Pero, aún en un manicomio o basurero, como este tren, hay espacio para historias bonitas, que nos salpicaron como protagonistas secundarios. Y es, que pasado el mediodía y sin quererlo, nos convertimos en los Carlos Sobera del amor. A un asiático no indio tumbado en la litera de arriba se le cayeron las gafas sobre el espacio de nuestra cama de abajo y la del medio. Nos interrogó, pero su inglés era malísimo y no pudimos entenderlo. Minutos después, llegó una chica blanquita y muy mona, que se expresó bastante mejor. Revolviendo los bultos conseguimos encontrarlas. El resultado fue, que intimaron y pasaron parte del viaje juntos con afectuosas muestras de cariño, no dignas de un tren indio.
A un lado de las literas el enamorado asiático y nosotros. Al otro, un indio melenudo y barbudo , que no dijo ni mu y un padre ya entrado en las vejez y su hijo, que llevaban siete maletas, llenando casi todo el espacio de sus alrededores, incluido el nuestro. El vástago se pasó todo el viaje con el móvil, sin ponerse los cascos, molestando bastante, a ratos. Su progenitor, durmió más de la mitad del viaje y cada acometida de sueño, venía detrás de una comida opípara -la suya y parte de la de su hijo - y de ingerir tabaco que mezclaba con una pasta blanca, haciendo bolas. Es la primera vez, que vemos esto.

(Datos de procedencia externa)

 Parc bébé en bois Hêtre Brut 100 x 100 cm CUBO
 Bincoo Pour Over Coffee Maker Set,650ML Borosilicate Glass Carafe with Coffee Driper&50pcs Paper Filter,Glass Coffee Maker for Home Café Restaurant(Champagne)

En las camas laterales, dos indios, que a pesar de su cercanía, se comunicaban a gritos y estaban bastante contentos, aunque -no podemos confirmarlo-, no les vimos meterse nada. Se acercó a hablar con nosotros, un amable joven indio -según mi pareja, muy guapo-, que nos preguntó por nuestros planes en el país y por los viajes anteriores. La verdad es, que socializó con casi todo el mundo.

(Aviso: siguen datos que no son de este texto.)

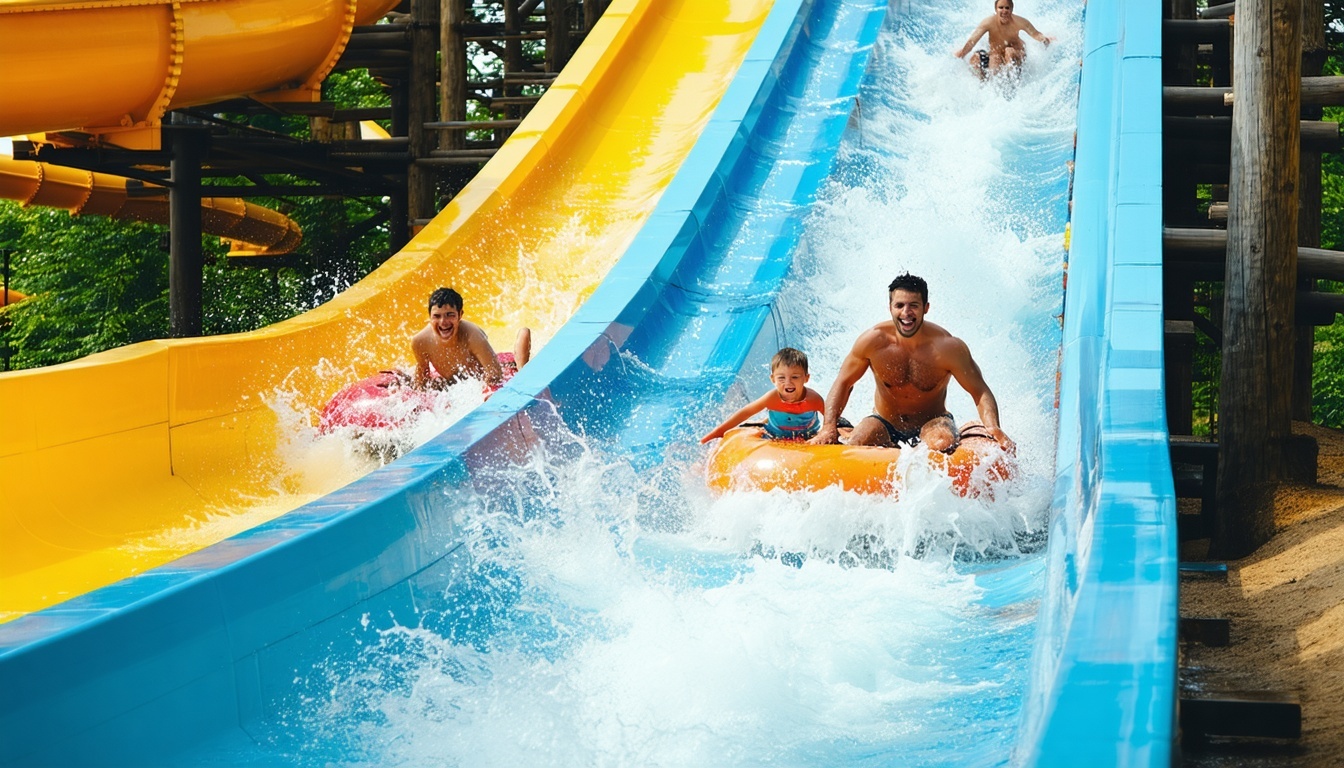 Families enjoying thrilling water slides at the water park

Visto lo visto y en nuestro entorno, nada de que preocuparse mucho. No, como hace siete años, en un tren entre Hyderabad y Delhi, cuando coincidimos con un hijo de puta de manual, que nos hizo el viaje bastante sufrido.

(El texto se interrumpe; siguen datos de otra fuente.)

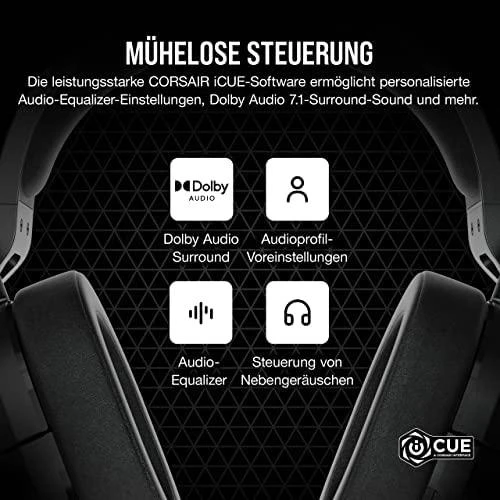Žaidimų ausinės Corsair HS55 Surround Headset Carbon, Juodos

Aparte del jaleo anterior, creciendo por los nervios y el hartazgo general a lo largo de toda la tarde, hay que añadir el griterío y el caos de las paradas en las estaciones, provocados por los viajeros, que suben y bajan -no siempre, civilizadamente -, y por los infinitos vendedores, que se asientan en las ventanillas vendiendo a voces su comida y bebida más barata, que la del interior procedente del restaurante.